The data START
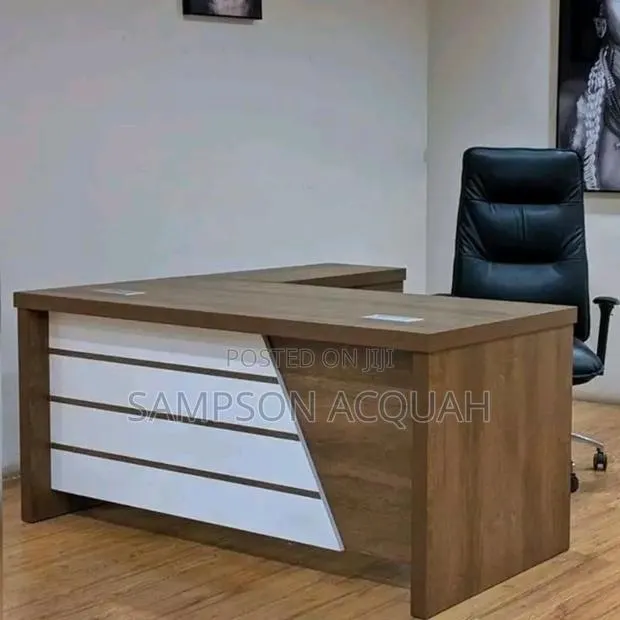 Laminated Counter Top for Saloon · Photo 1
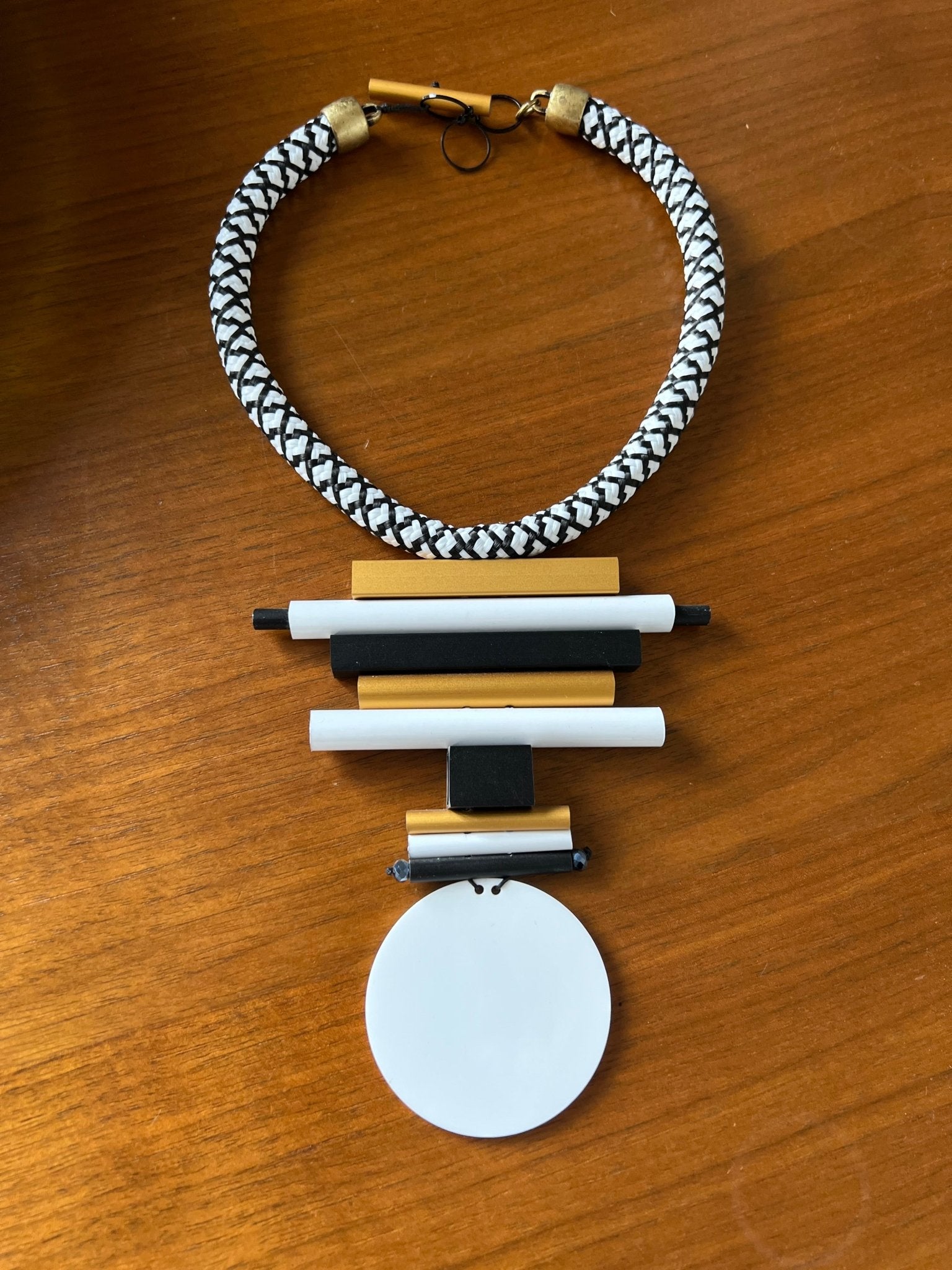 Collier TOTEM - Maison Numéro 12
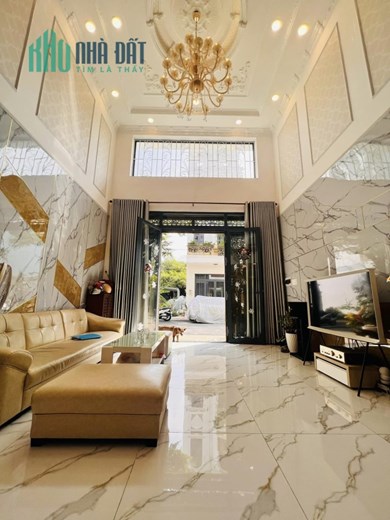 ĐƯỜNG 10M THÔNG - KHU VIP PHÂN LÔ THẠNH XUÂN QUẬN 12 - 5 TẦNG, THIẾT KẾ HIỆN ĐẠI, NỘI THẤT CAO CẤP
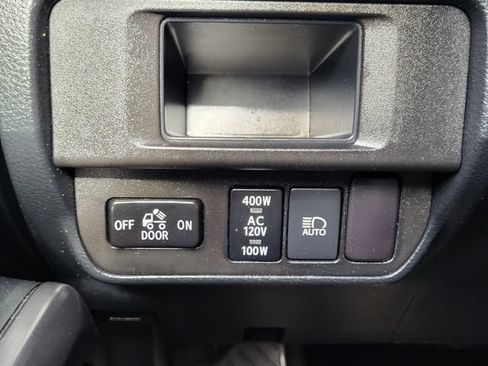 Used 2019 Toyota Tacoma TRD Off-Road AWD/4WD image 21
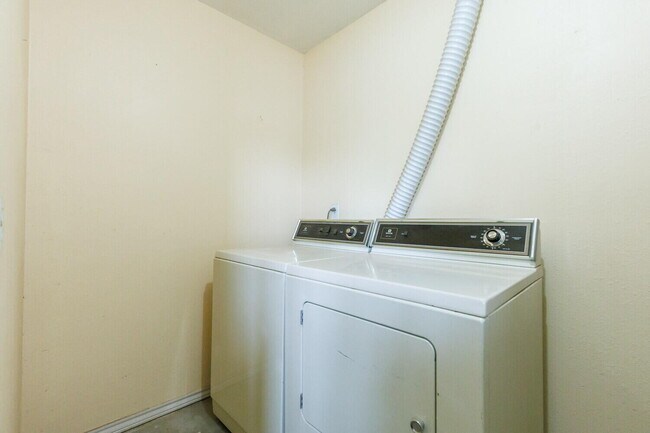 Building Photo - 3406 65th Dr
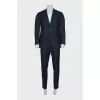 Men's straight-cut suit made of wool and silk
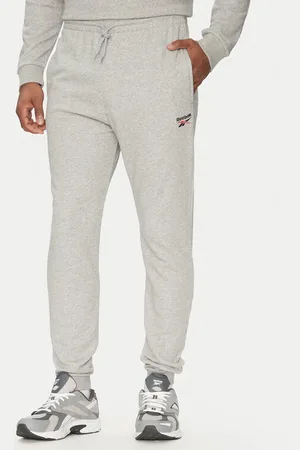 Reebok Jogginghose 100221804 Regular Fit
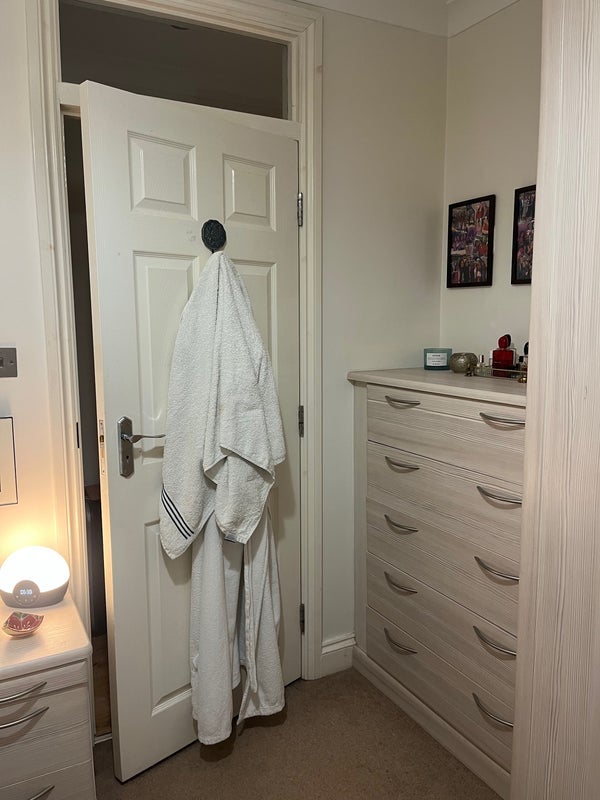 Room Gilbey Road in Greater London
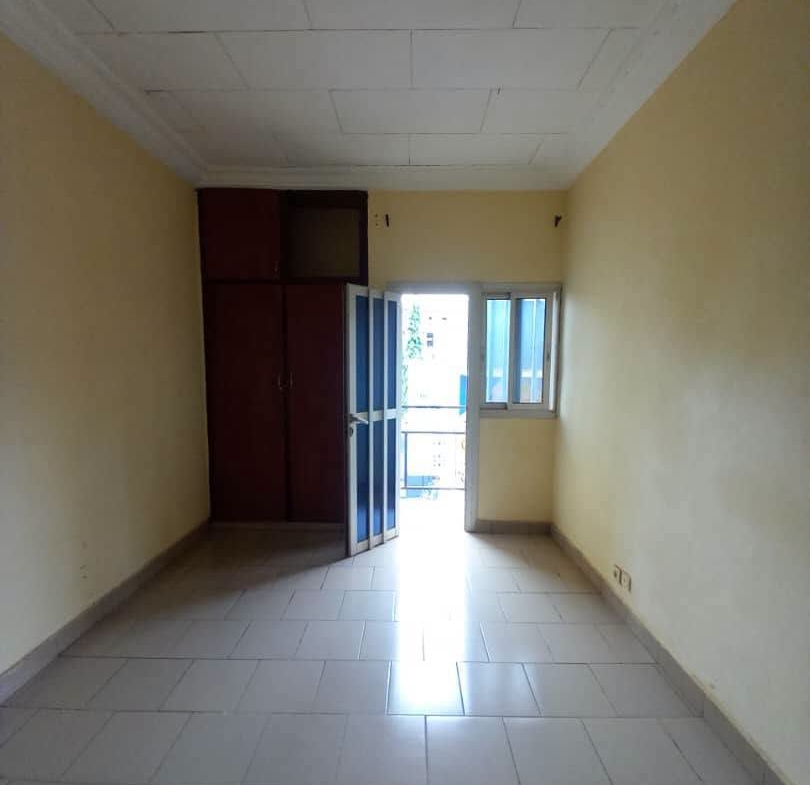 Appartement 2 chambres à louer à Yaoundé Omnisports 230000 fcfa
The data END
What to produce:
No picture belongs in the answer; the rest of the records must be repeated exactly.

Written solution:
 Laminated Counter Top for Saloon · Photo 1
 Collier TOTEM - Maison Numéro 12
 ĐƯỜNG 10M THÔNG - KHU VIP PHÂN LÔ THẠNH XUÂN QUẬN 12 - 5 TẦNG, THIẾT KẾ HIỆN ĐẠI, NỘI THẤT CAO CẤP
 Used 2019 Toyota Tacoma TRD Off-Road AWD/4WD image 21
 Building Photo - 3406 65th Dr
 Men's straight-cut suit made of wool and silk
 Reebok Jogginghose 100221804 Regular Fit
 Room Gilbey Road in Greater London
 Appartement 2 chambres à louer à Yaoundé Omnisports 230000 fcfa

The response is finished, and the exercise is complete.